In the records below, the line with "Rare Jade and Sterling Silver Bracelet" opens the range and the line with "Đồng hồ nam" closes it; print that range exactly and nothing else.

** Opening DATASET ENTRIES block **

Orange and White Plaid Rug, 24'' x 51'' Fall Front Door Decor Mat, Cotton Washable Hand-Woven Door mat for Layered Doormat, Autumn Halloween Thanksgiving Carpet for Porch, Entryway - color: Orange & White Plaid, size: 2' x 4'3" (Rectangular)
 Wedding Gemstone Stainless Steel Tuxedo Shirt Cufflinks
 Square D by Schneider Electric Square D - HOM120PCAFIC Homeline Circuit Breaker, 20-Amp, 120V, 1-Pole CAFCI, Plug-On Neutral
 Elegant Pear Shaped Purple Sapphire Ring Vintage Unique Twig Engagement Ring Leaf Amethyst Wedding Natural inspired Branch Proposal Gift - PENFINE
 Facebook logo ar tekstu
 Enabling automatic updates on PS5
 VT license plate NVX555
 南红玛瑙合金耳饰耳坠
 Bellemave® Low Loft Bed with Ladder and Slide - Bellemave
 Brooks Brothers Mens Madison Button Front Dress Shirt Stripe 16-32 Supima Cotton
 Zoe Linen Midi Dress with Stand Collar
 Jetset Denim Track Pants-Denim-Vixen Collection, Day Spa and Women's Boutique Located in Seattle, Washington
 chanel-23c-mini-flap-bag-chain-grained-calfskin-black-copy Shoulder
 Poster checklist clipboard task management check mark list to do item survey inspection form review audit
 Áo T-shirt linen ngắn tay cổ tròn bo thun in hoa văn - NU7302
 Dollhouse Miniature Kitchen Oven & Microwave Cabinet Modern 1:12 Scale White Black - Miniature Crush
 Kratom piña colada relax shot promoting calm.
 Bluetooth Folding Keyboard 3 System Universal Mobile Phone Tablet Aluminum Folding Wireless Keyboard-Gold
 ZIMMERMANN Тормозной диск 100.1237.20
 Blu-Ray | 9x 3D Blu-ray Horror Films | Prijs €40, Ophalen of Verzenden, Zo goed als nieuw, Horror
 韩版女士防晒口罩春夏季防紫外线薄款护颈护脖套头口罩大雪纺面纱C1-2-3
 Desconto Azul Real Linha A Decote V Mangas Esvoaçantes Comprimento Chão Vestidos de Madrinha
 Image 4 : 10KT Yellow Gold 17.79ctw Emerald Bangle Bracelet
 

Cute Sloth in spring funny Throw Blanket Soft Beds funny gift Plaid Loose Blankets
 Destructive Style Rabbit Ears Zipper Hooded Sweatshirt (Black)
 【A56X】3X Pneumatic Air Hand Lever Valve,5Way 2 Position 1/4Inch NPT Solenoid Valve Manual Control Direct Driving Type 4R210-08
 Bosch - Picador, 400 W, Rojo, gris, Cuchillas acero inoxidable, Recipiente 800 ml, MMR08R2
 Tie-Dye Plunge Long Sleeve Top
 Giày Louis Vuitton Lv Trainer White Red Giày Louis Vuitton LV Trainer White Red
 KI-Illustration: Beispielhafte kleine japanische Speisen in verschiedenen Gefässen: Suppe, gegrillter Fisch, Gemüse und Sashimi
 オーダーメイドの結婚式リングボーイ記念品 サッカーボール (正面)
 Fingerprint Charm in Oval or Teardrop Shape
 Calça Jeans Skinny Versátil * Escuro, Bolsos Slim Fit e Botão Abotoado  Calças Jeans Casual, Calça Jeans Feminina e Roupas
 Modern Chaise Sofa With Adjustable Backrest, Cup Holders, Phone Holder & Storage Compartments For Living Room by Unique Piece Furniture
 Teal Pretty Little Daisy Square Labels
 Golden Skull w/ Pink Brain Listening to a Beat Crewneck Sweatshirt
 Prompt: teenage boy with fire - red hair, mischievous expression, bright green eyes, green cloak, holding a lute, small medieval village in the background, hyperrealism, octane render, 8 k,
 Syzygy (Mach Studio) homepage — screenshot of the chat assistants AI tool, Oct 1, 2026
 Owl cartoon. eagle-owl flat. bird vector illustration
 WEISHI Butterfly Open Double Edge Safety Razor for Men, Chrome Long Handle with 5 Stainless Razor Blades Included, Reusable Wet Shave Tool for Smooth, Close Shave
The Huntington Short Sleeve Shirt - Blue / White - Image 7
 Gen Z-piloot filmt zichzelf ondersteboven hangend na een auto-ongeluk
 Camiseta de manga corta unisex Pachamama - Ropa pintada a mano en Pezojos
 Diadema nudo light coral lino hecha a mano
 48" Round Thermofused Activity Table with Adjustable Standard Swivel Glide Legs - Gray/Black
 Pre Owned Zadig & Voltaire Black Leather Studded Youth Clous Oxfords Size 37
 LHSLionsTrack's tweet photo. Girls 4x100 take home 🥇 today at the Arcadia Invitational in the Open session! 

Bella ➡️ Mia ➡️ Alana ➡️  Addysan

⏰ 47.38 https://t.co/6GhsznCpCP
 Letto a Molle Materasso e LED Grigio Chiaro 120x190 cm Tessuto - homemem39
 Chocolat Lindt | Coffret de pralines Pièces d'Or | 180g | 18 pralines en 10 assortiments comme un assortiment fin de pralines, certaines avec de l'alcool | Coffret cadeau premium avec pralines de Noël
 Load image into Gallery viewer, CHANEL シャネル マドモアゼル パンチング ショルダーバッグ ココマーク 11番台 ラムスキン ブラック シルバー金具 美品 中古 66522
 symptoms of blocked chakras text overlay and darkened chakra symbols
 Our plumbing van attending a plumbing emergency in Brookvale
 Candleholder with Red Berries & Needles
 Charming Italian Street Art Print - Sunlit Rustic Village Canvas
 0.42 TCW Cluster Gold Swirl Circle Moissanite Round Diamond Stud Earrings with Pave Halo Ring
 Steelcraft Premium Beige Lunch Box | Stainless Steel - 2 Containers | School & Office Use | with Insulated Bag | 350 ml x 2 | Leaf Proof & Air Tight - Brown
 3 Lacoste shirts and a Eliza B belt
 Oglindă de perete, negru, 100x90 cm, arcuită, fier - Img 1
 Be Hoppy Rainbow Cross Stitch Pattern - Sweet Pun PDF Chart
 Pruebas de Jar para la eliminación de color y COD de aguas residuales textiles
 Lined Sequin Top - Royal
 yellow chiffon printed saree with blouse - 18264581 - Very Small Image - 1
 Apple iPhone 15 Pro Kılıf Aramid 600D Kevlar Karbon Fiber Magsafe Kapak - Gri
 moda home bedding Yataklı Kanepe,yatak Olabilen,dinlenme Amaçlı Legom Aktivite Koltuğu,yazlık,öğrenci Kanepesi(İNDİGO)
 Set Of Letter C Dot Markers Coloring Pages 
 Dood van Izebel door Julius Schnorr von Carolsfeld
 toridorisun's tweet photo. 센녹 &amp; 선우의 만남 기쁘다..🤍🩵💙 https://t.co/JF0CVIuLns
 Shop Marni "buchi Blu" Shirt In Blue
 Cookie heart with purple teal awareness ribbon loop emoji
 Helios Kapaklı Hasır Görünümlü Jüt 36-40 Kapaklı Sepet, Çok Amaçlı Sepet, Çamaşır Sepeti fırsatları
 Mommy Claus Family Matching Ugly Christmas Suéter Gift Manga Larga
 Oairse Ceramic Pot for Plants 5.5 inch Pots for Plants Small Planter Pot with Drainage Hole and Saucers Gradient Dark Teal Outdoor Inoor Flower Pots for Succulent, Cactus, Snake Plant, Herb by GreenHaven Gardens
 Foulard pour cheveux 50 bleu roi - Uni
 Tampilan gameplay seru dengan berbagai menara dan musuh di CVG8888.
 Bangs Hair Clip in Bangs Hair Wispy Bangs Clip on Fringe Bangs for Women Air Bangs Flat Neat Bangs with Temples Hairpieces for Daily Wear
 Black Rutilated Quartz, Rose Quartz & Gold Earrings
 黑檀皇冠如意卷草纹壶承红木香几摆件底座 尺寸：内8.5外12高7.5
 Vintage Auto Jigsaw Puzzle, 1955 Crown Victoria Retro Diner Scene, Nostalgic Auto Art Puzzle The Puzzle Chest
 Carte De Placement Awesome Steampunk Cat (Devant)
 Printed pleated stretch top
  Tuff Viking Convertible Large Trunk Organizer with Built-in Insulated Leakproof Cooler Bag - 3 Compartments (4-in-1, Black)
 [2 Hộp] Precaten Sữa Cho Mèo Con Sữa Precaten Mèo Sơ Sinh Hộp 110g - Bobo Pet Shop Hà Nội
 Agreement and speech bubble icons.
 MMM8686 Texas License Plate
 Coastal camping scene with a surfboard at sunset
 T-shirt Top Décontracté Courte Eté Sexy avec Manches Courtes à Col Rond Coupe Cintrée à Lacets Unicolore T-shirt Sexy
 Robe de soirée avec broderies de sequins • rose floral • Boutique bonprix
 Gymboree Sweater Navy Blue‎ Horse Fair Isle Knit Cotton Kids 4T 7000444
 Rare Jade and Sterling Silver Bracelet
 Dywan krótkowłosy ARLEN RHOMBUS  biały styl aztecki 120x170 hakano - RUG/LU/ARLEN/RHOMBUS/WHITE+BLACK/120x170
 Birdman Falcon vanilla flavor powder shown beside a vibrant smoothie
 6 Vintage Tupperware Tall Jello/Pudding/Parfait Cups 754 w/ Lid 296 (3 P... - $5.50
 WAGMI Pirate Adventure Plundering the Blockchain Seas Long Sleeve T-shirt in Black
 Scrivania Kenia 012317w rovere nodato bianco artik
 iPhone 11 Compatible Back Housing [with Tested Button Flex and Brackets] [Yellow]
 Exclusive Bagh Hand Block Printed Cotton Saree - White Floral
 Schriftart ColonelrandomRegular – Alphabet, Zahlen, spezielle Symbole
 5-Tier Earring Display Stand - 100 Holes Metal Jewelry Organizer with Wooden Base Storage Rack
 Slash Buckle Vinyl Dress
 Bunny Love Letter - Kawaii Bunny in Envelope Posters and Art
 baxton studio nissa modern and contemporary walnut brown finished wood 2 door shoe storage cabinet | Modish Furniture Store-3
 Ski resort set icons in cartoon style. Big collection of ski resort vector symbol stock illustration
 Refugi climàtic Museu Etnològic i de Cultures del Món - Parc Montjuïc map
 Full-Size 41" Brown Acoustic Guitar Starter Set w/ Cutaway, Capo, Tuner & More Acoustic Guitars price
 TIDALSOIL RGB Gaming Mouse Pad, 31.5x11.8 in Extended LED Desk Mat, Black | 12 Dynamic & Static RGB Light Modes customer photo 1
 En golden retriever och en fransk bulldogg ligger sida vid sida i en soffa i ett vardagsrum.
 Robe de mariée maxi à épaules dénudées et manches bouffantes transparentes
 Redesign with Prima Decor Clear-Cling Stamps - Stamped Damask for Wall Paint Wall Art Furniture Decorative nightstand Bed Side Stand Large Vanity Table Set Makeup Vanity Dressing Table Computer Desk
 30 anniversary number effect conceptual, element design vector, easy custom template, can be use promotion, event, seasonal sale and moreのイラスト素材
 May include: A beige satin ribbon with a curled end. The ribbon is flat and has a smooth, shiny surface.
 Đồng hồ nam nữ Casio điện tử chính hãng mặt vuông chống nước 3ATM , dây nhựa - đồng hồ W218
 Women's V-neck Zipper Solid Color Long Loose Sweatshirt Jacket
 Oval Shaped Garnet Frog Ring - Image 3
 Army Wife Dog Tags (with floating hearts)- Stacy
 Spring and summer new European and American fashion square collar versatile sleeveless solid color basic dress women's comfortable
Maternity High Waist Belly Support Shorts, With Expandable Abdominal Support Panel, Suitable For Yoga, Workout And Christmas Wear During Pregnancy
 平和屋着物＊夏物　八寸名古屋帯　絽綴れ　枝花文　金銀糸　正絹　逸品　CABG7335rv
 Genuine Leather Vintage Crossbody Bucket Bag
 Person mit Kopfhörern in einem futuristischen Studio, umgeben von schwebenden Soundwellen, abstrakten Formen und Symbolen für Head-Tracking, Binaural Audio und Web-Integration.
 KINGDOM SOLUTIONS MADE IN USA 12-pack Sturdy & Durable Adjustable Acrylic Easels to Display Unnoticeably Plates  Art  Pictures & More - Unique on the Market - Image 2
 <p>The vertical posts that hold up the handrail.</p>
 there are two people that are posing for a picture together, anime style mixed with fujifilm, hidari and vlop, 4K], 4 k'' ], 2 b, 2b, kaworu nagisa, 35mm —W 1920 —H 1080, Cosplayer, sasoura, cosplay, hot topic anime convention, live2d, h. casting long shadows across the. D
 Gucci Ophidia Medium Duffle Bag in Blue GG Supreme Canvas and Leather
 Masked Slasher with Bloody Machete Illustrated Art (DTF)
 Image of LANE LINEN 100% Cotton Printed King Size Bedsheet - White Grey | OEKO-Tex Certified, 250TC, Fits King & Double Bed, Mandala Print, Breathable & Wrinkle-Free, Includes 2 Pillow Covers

** Closing DATASET ENTRIES block **

COMPLETED EXERCISE
 Rare Jade and Sterling Silver Bracelet
 Dywan krótkowłosy ARLEN RHOMBUS  biały styl aztecki 120x170 hakano - RUG/LU/ARLEN/RHOMBUS/WHITE+BLACK/120x170
 Birdman Falcon vanilla flavor powder shown beside a vibrant smoothie
 6 Vintage Tupperware Tall Jello/Pudding/Parfait Cups 754 w/ Lid 296 (3 P... - $5.50
 WAGMI Pirate Adventure Plundering the Blockchain Seas Long Sleeve T-shirt in Black
 Scrivania Kenia 012317w rovere nodato bianco artik
 iPhone 11 Compatible Back Housing [with Tested Button Flex and Brackets] [Yellow]
 Exclusive Bagh Hand Block Printed Cotton Saree - White Floral
 Schriftart ColonelrandomRegular – Alphabet, Zahlen, spezielle Symbole
 5-Tier Earring Display Stand - 100 Holes Metal Jewelry Organizer with Wooden Base Storage Rack
 Slash Buckle Vinyl Dress
 Bunny Love Letter - Kawaii Bunny in Envelope Posters and Art
 baxton studio nissa modern and contemporary walnut brown finished wood 2 door shoe storage cabinet | Modish Furniture Store-3
 Ski resort set icons in cartoon style. Big collection of ski resort vector symbol stock illustration
 Refugi climàtic Museu Etnològic i de Cultures del Món - Parc Montjuïc map
 Full-Size 41" Brown Acoustic Guitar Starter Set w/ Cutaway, Capo, Tuner & More Acoustic Guitars price
 TIDALSOIL RGB Gaming Mouse Pad, 31.5x11.8 in Extended LED Desk Mat, Black | 12 Dynamic & Static RGB Light Modes customer photo 1
 En golden retriever och en fransk bulldogg ligger sida vid sida i en soffa i ett vardagsrum.
 Robe de mariée maxi à épaules dénudées et manches bouffantes transparentes
 Redesign with Prima Decor Clear-Cling Stamps - Stamped Damask for Wall Paint Wall Art Furniture Decorative nightstand Bed Side Stand Large Vanity Table Set Makeup Vanity Dressing Table Computer Desk
 30 anniversary number effect conceptual, element design vector, easy custom template, can be use promotion, event, seasonal sale and moreのイラスト素材
 May include: A beige satin ribbon with a curled end. The ribbon is flat and has a smooth, shiny surface.
 Đồng hồ nam nữ Casio điện tử chính hãng mặt vuông chống nước 3ATM , dây nhựa - đồng hồ W218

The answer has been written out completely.